И вдруг, придя в землю урусов и приступив к тому делу, ради которого затевали набег, он обнаружил, что стоит во главе не сорока, а всего каких-нибудь пятнадцати тысяч, что его царское слово не закон для всех, что ему - нуреддину - приходится выслушивать советы и потакать капризам беев. Двадцать пять тысяч войска растворилось в бескрайних просторах Руси. Татары действовали по старинке, мелкими отрядами, они пришли не воевать, а грабить. И они, забывая о большом, тратили время и силы на малое, но верное: глаза углядели - руки схватили.
Неудача под Ефремовом, самосожжение русских в безымянной деревне - все это не могло ободрить. И вдруг еще одна новость: донские казаки собрали в Азов сильный отряд, встали на сакмах110 и побили ногайцев и татар, грабивших южные русские украйиы. Сафат пошел было навстречу казакам, но одумался и снова повернул на север. Разослал приказы - всем идти под Яблонов. Лучше искать тех, кто бежит от тебя, чем найти того, кто гонится за тобой. Боясь новых встреч с казаками, беи на этот раз послушались окрика нуреддина.
Глава вторая
8 сентября, на праздник рояэдества богородицы и присно девы Марии, после молебна тихая привычная боль в ногах сделалась нестерпимой и уложила Михаила Федоровича в постель.

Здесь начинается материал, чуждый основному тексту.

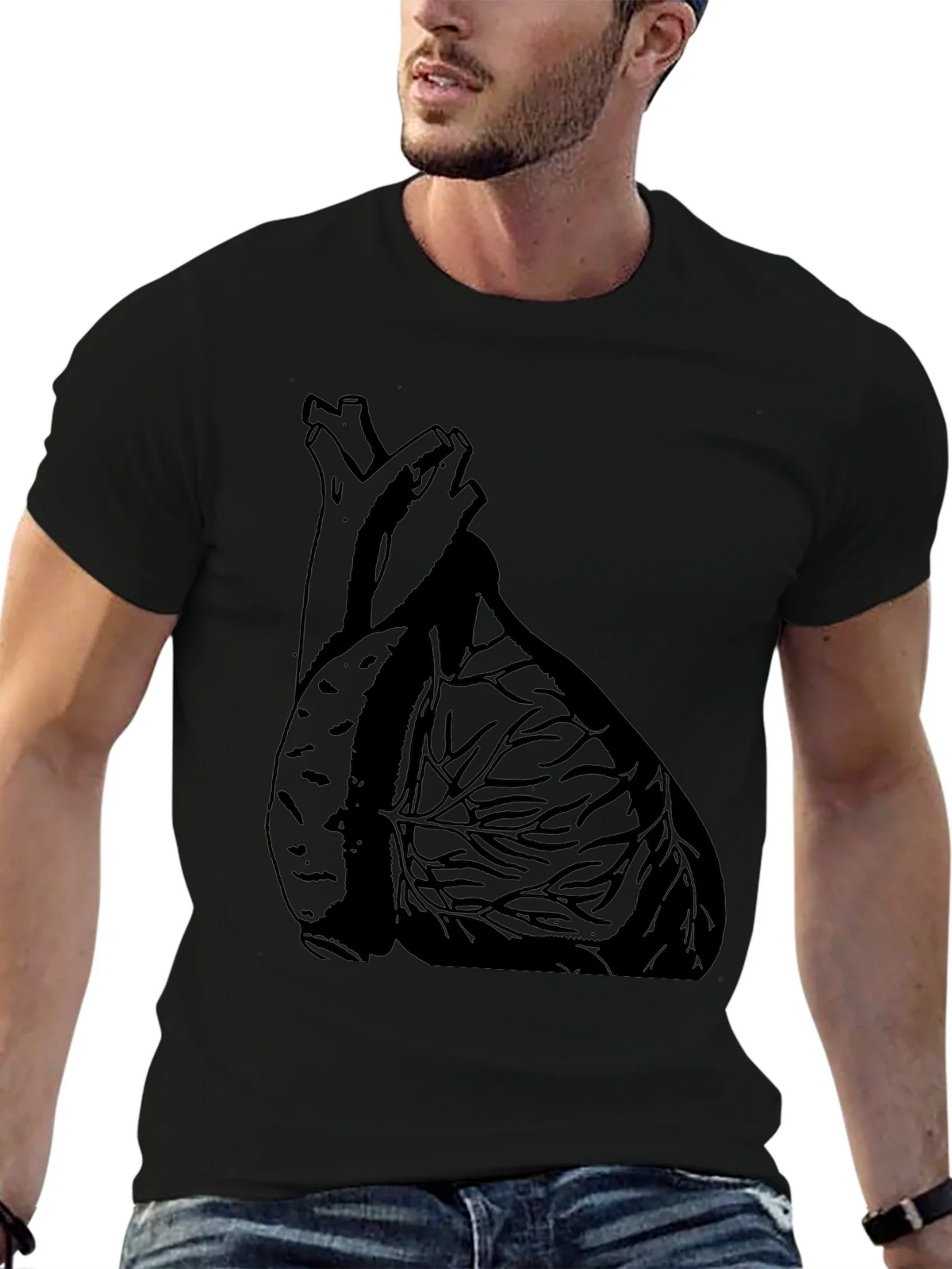 Anatomical Heart Graphic Tee - Black Cotton Casual T-Shirt product image 6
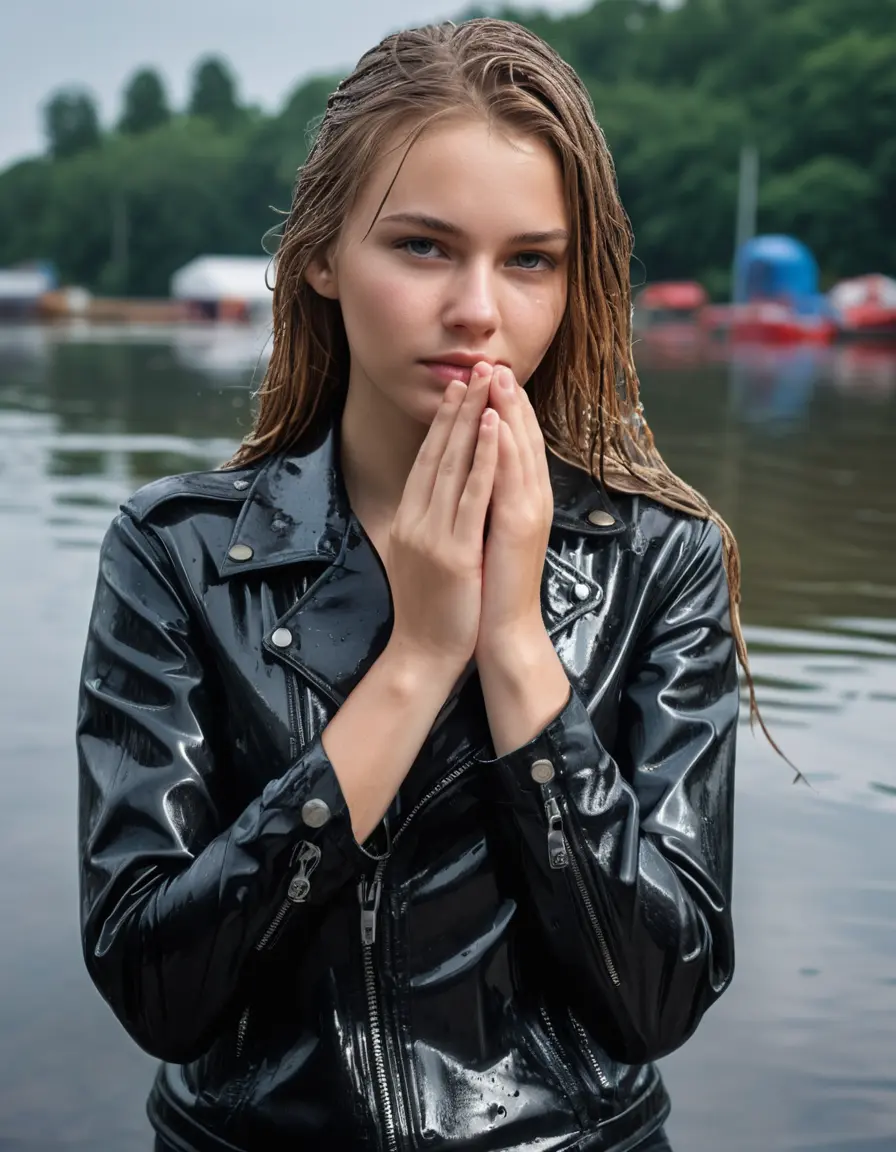 photo of young woman, in soaking wet, drenched clothes,
ankle boots, super skin tight black leatherlegging , slim fit black biker leatherjacket,  tight sexy tshirt with wide necklace, handbag, pearl necklace, Fifteen years horny blonde teenage girl with her Friends holds her hand over her mouth and nose posing completely soaked deep submerged into water for a picture near a dock, 
enjoying, wet clothes stuck to body,
detailed textures of the wet clothes, wet face, wet plastered hair,
wet, drenched, professional, high-quality details, full body view.
sharp focus, ultra-high pixel detail, realistic, high-quality, full colors, incredibly detailed, 4k, 8k, 16k, hyper-realistic, RAW photo, masterpiece, ultra-detailed, professionally color graded, professional photograph, Fifteen years old, completely soaked, completely dripping wet from head to toe, very wet clothes, sleek long straight hair, worried and embarrassed facial expression, slight yawn, moaning,  all girls wear different styles of clothes, she takes her handbag with her into the water, a lot of people stands in the background, close-up, view from above, highly realistic representation, ultra sharp focus, highly photorealistic detailed facial features and expressions, highly photorealistic hands, highly best quality, highly sharp photorealistic image, highly photorealistic details, highest photorealistic wet clothes, full UHD resolution, highest photorealistic sharpness of the image, 32 K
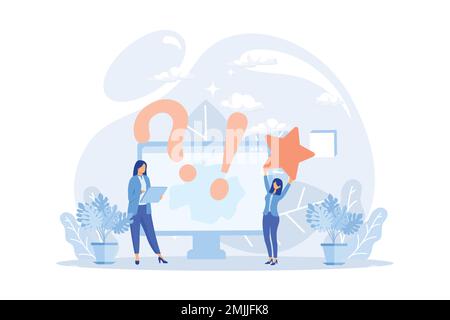 Frequency asked questions and helpdesk illustration. Characters contacting with helpdesk service, asking questions and receiving answers. Customer sup Stock Vector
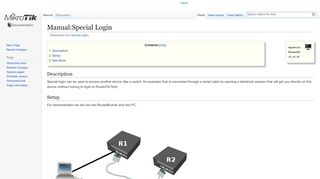 
                            3. Special Login - MikroTik Wiki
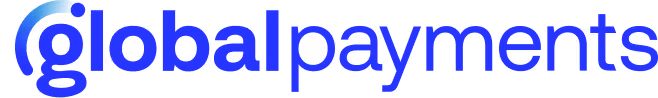 Global Payments logo in blue text with a stylized circular design around the g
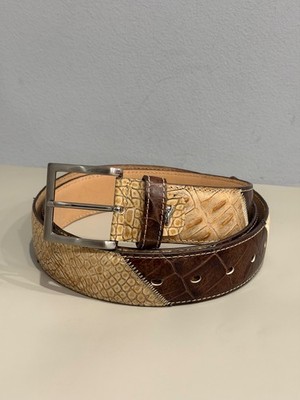 Tony Perotti Genuine Leather Belt Patchwork Brown Beige Made in Italy Size 125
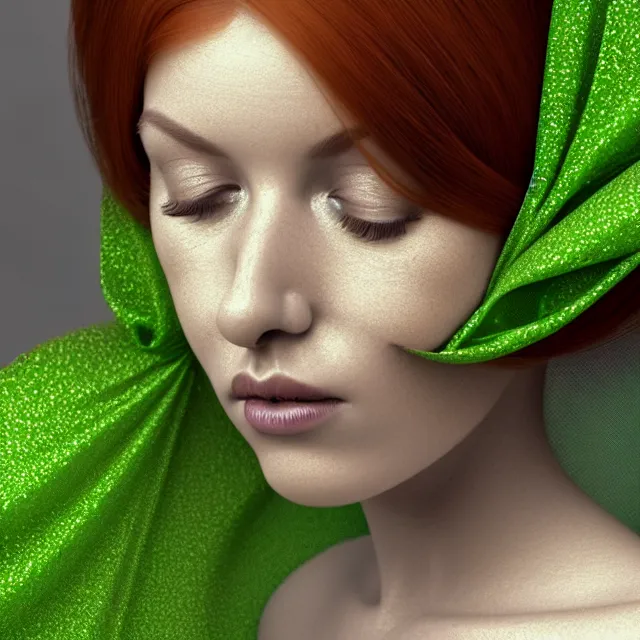 Prompt: an striking!! render of a woman with auburn hair and a white veil on her head wearing a green dress sitting in front of an open window, an ambient occlusion render, featured on zbrush central, hyper realistic art, neural pointillism, houdini, zbrush, warm earth tones, natural light, oil painting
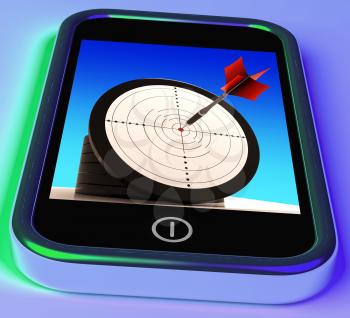 Dartboard On Smartphone Shows Effective Shooting And Precise Aim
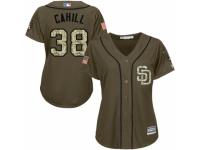 Women's Majestic San Diego Padres #38 Trevor Cahill Authentic Green Salute to Service Cool Base MLB Jersey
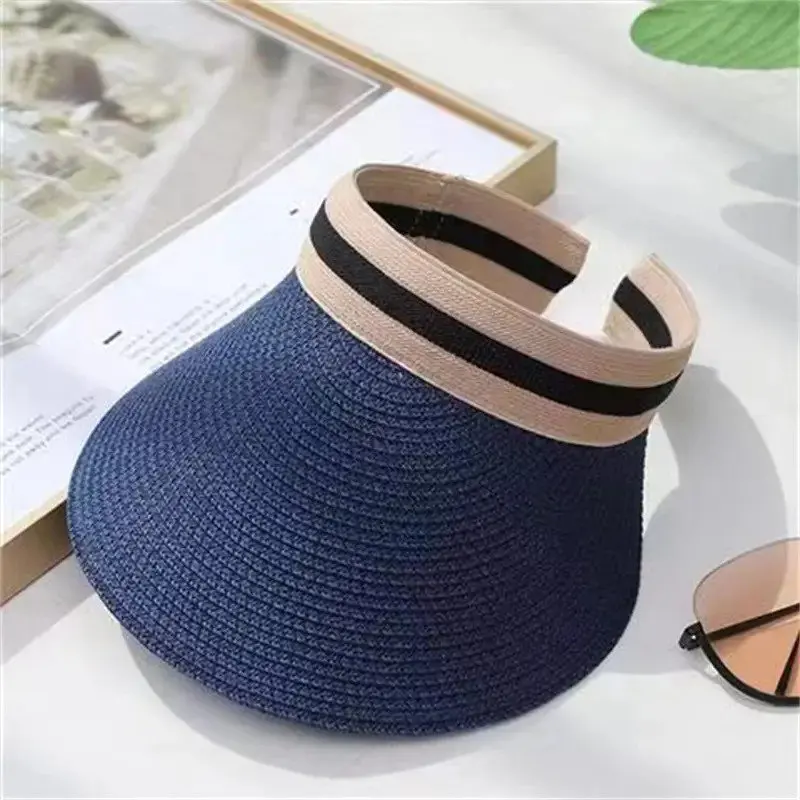 

Navy Blue Foldable Straw Sun Visor Hat with Wide Brim - Perfect for Outdoor Activities Beach and Picnics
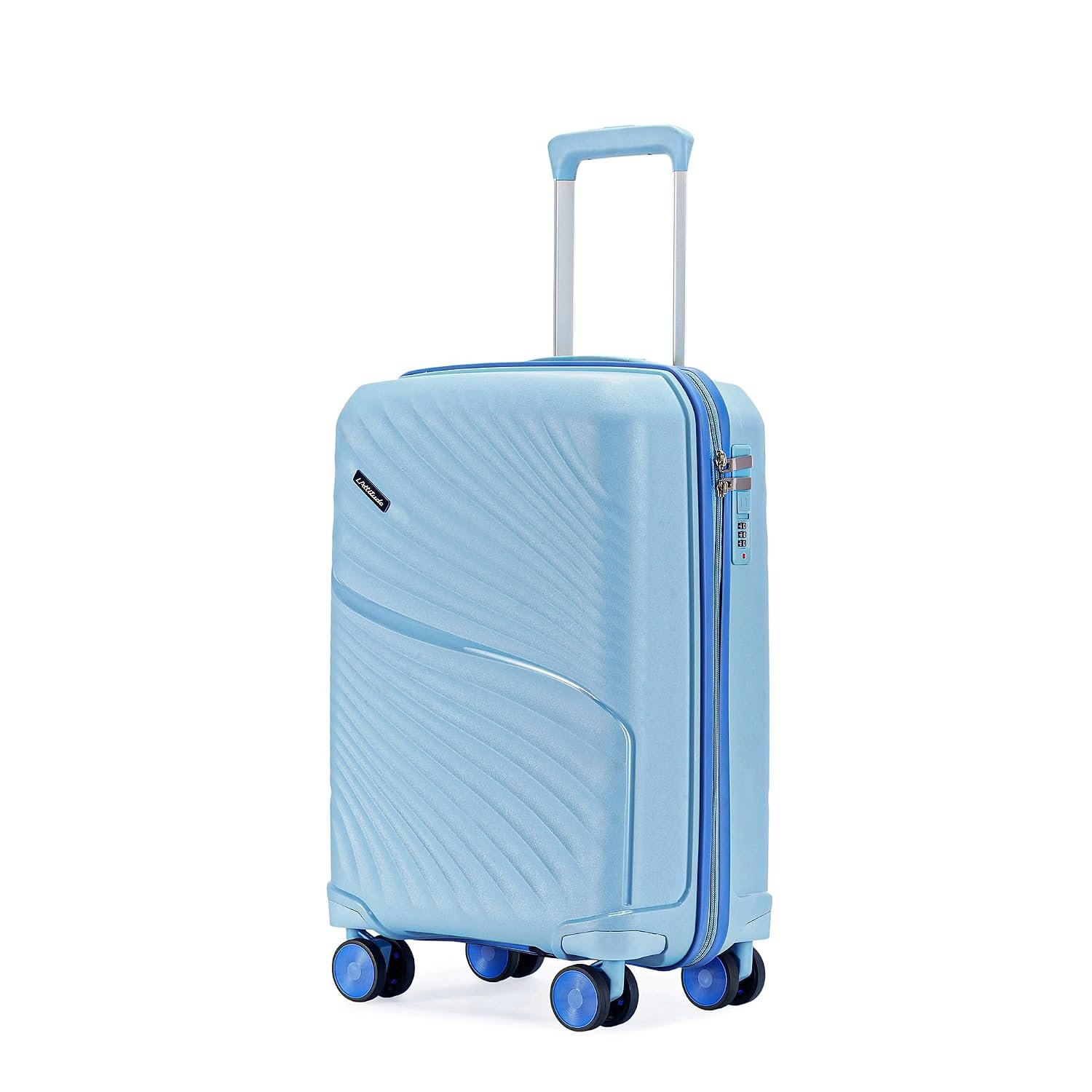 Meridian Cabin Suitcase 55cm 20 inch Polypropylene Hard Trolley, 8 Spinner Wheels, 2-Pocket Convipack, Recessed Number Lock,Carry-On for Men & Women Twilight Sea Blue/Galaxy Blue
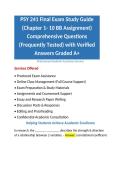 PSY 241 Final Exam Study Guide &lpar;Chapter 1- 10 BB Assignment&rpar; Comprehensive Questions &lpar;Frequently Tested&rpar; with Verified Answers Graded A&plus;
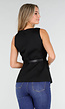 Zwarte Mouwloze Top met Knopen en Ceintuur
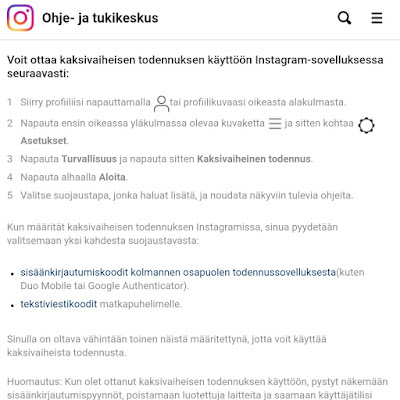 Estä instatilin hakkerointi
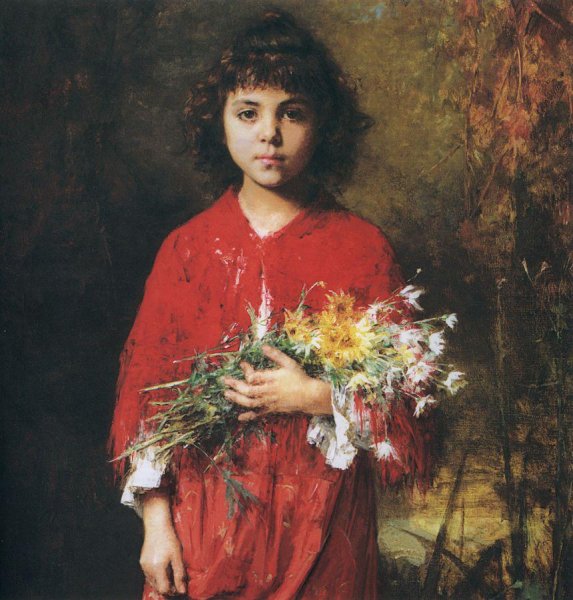 Portrait of a Young Girl with Flowers by Alexei Harlamoff - Hand-Painted Oil Painting Reproduction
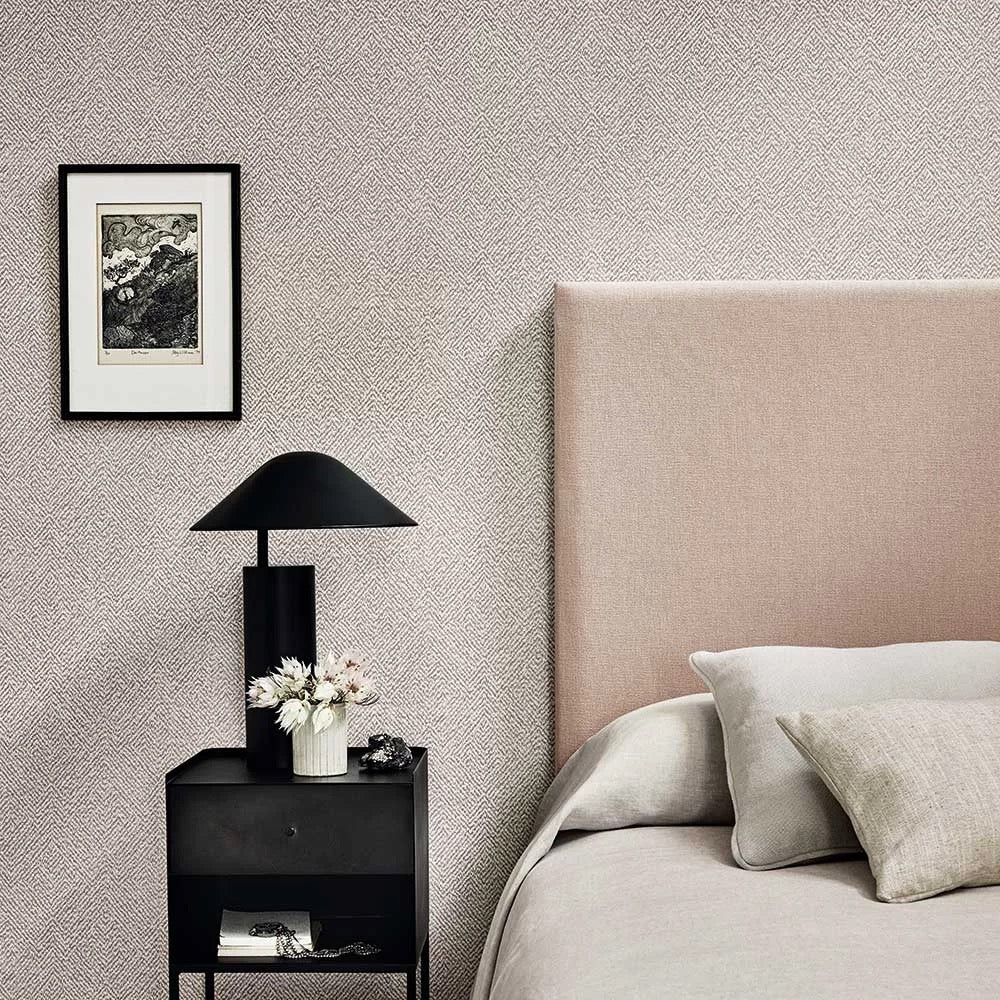 Kali wallpaper by Romo in Grey – Grey Mist, styled room shot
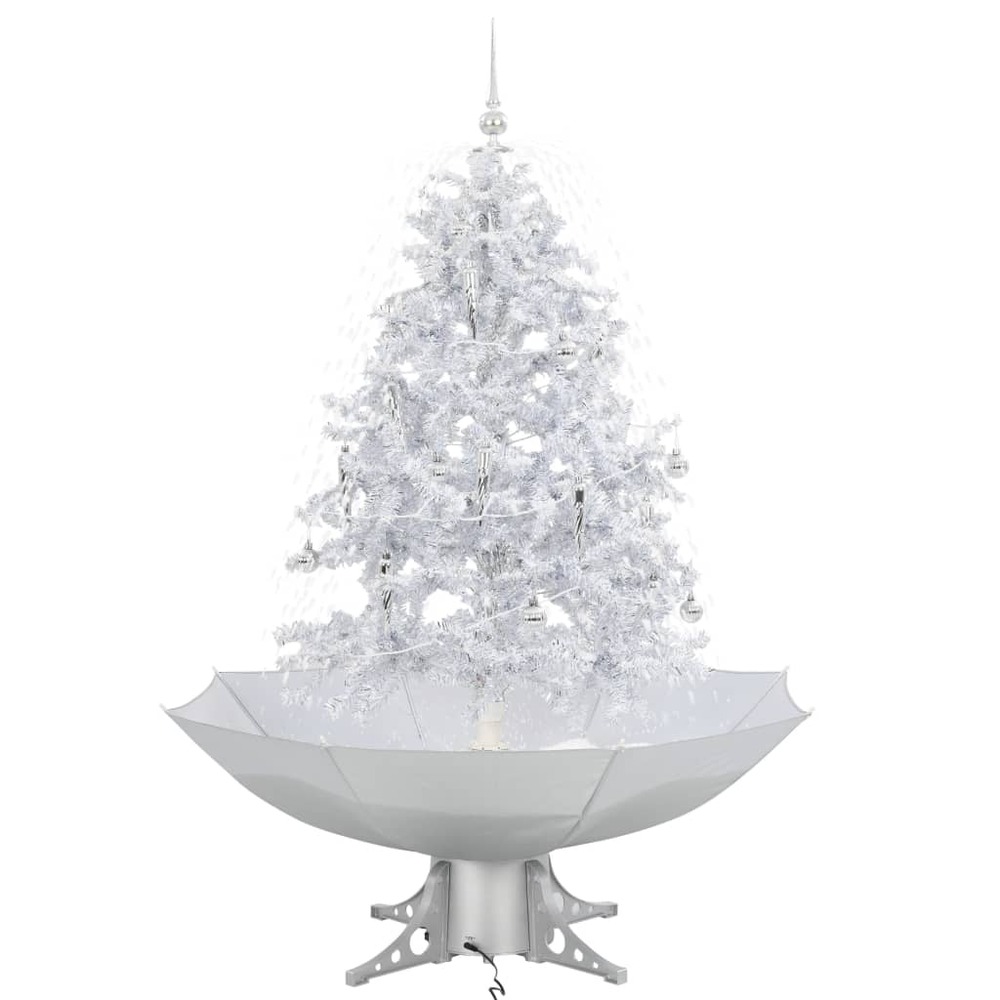 Arbre de noël neigeux avec base de parapluie blanc 140 cm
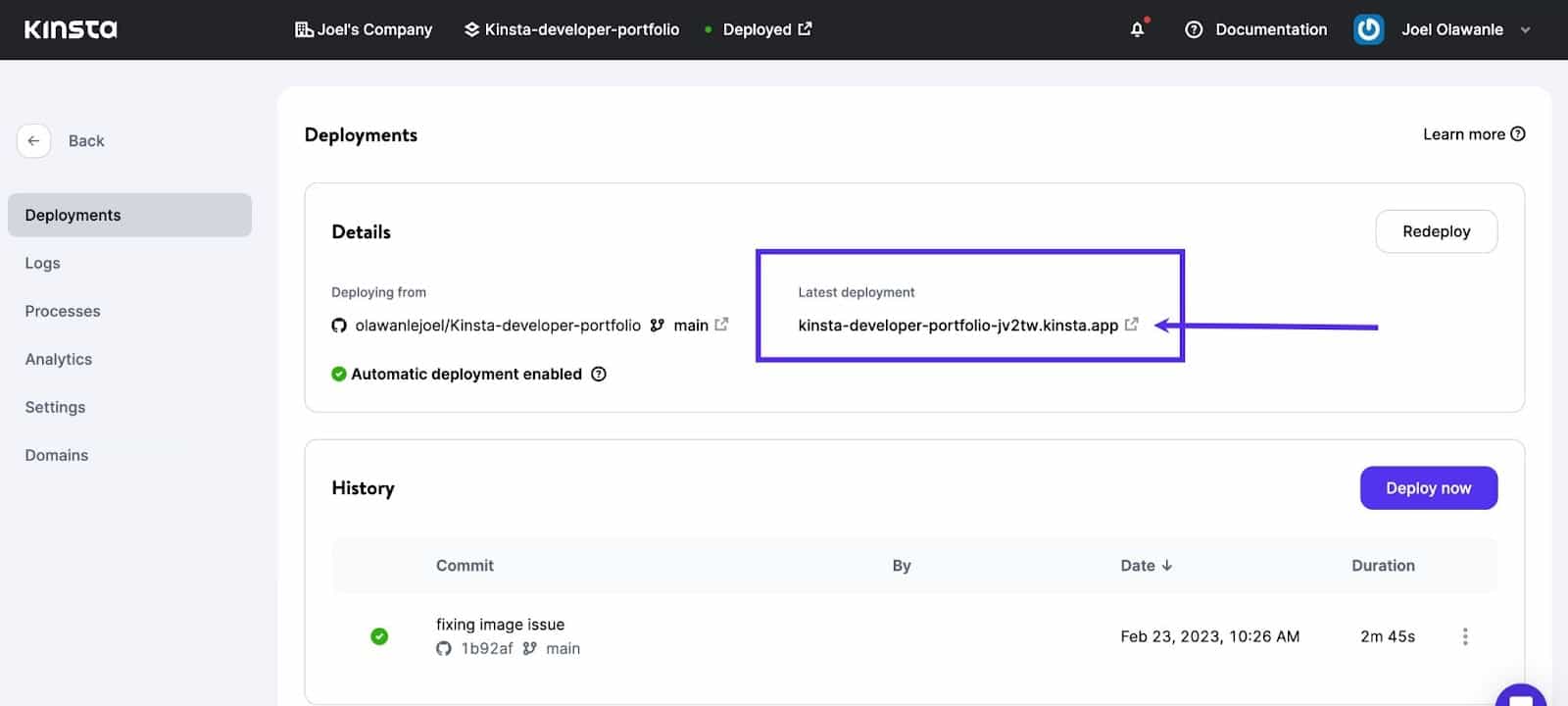 Enlace de implementación en Kinsta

Государь любил болеть одиноко. Когда один, и застонать можно, и заплакать. На людях страдать стыдно, и молитва на людях не та. На людях слово любви, сотрясающее душу, не умеет наружу выйти.
Болеть Михаил Федорович уходил в третью свою, дальнюю комнату. Здесь стояла односпальная вседневная меньшая постеля. Взголовье111 пуховое, а для тела бумажник без перины. Бумажник хлопковый. Доски костей не нудят, но твердь чуется. Не плывет тело в жаркой мягкости пуха, не размягчается жирно и потно, в силе тело почивает. Одеяло из камки112 травяным узором расшито. На парадной-то царской кровати одеяло драгоценными каменьями усыпано. На нем семнадцать лалов, двадцать четыре лазоревых яхонта, двадцать три изумруда, а большой круг посредине низан отборным жемчугом. Под парадной кроватью два ковра, один в золоте, другой в серебре. Над кроватью - небо из камки, шитой плетеными золотыми кружевами. Завесы по сторонам тоже в золотом плетении, с людьми, зверьми и травами.
Меньшая постель не крыта, и ковров под ней нет. В комнате стены пусты. Икона в красном углу да поклонный крест - вот и все украшение. Крест прост, медный. По кресту надпись: “Бич Божий, бьющий беса”.
Боли мучили Михаила Федоровича ночь напролет, и всю ночь он молился и плакал. Утром сон наконец пожаловал его своей милостью. Государь заснул и проснулся к обеду. Уж как болеть, так вся государская еда - вода брусничная, Ни с лебедями к нему, ни с пирогами к нему не ходи. Выбранит и выгонит. А не пойти тоже нельзя - прогневишь царицу Евдокию Лукьяновну. А потому постельничий Константин Иванович Михалков подступал к государю неспешно. Сначала являлся слуга с серебряным тазиком, потом слуга с полотенцем, и уж тогда только приспевала подогретая водица для умывания. Государь умывался, утирался, а Константин Михалков, поглядывая за слугами, поглядывал и за государем, повеселел аль нет. Повеселел - хорошо, можно спросить, чего откушать подать, а не повеселел - беда.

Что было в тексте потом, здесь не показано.